◆ Task to carry out
Once the pictures are removed, restate the listing word for word.

◆ Dataset content
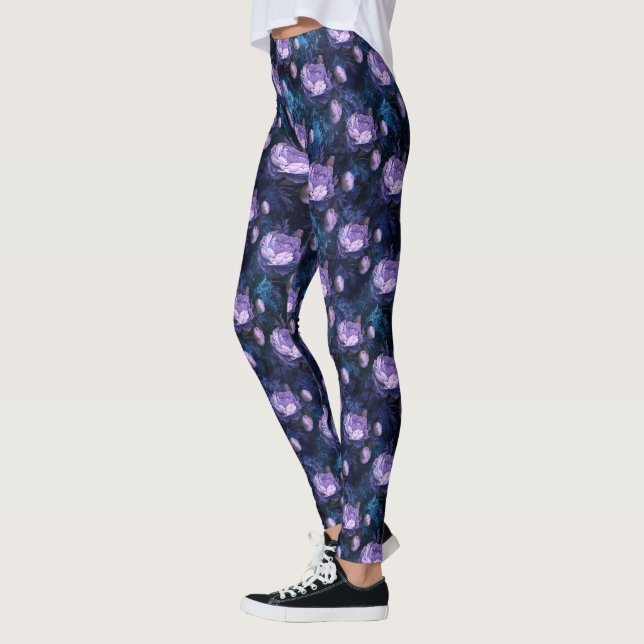 Purple Peony Flowers Leggings (Left)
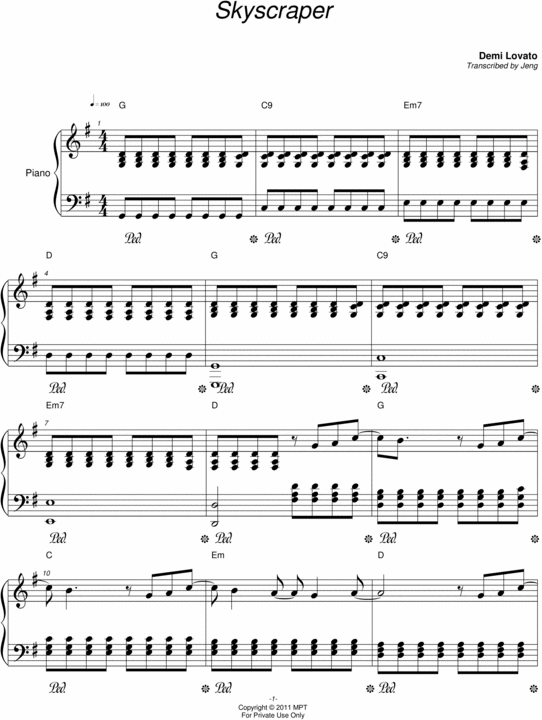 DEMI LOVATO SKYSCRAPER PIANO SHEET MUSIC PDF
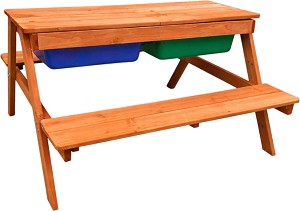 Дървена маса с пейки и пясъчник - Ginger Home - С размери 90 / 86 / 50 cm — WSB-9080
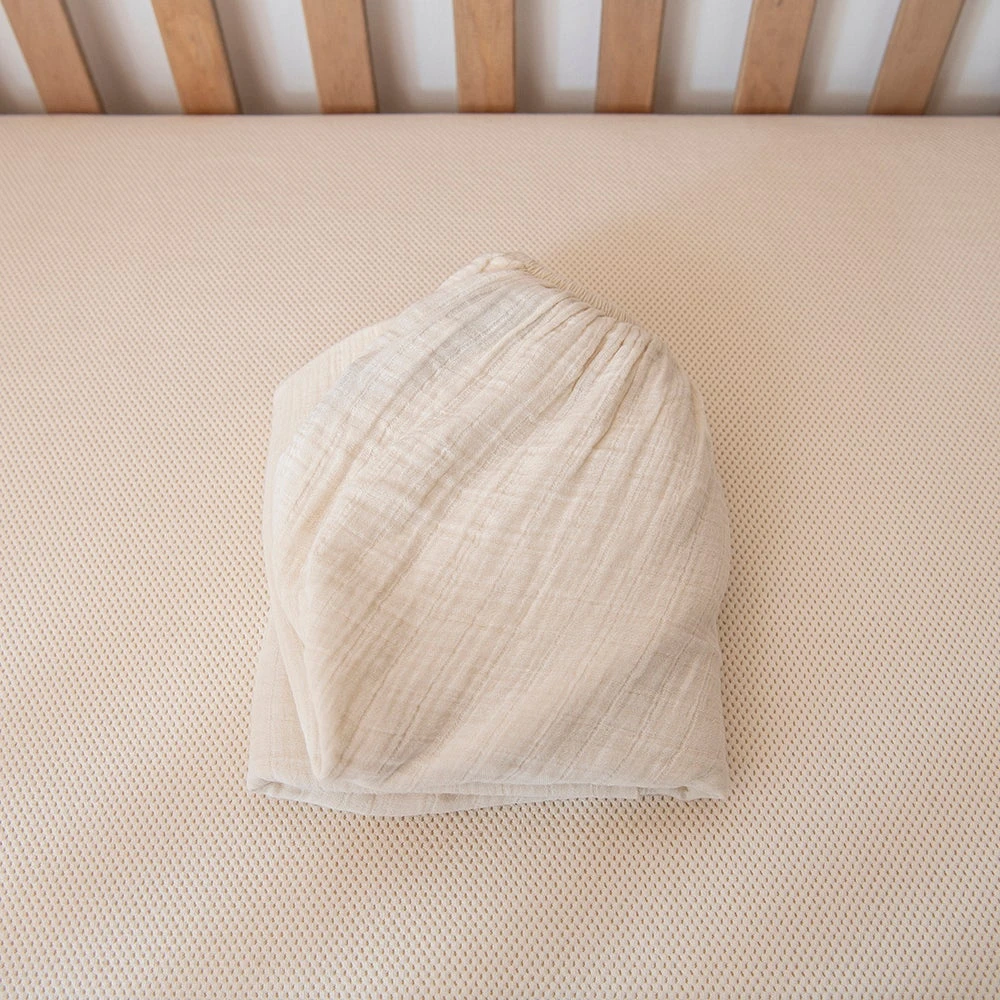 Organic Cotton Crib Fitted Sheet 2-Layer Breathable Muslin Cream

◆ Response to this task
 Purple Peony Flowers Leggings (Left)
 DEMI LOVATO SKYSCRAPER PIANO SHEET MUSIC PDF
 Дървена маса с пейки и пясъчник - Ginger Home - С размери 90 / 86 / 50 cm — WSB-9080
 Organic Cotton Crib Fitted Sheet 2-Layer Breathable Muslin Cream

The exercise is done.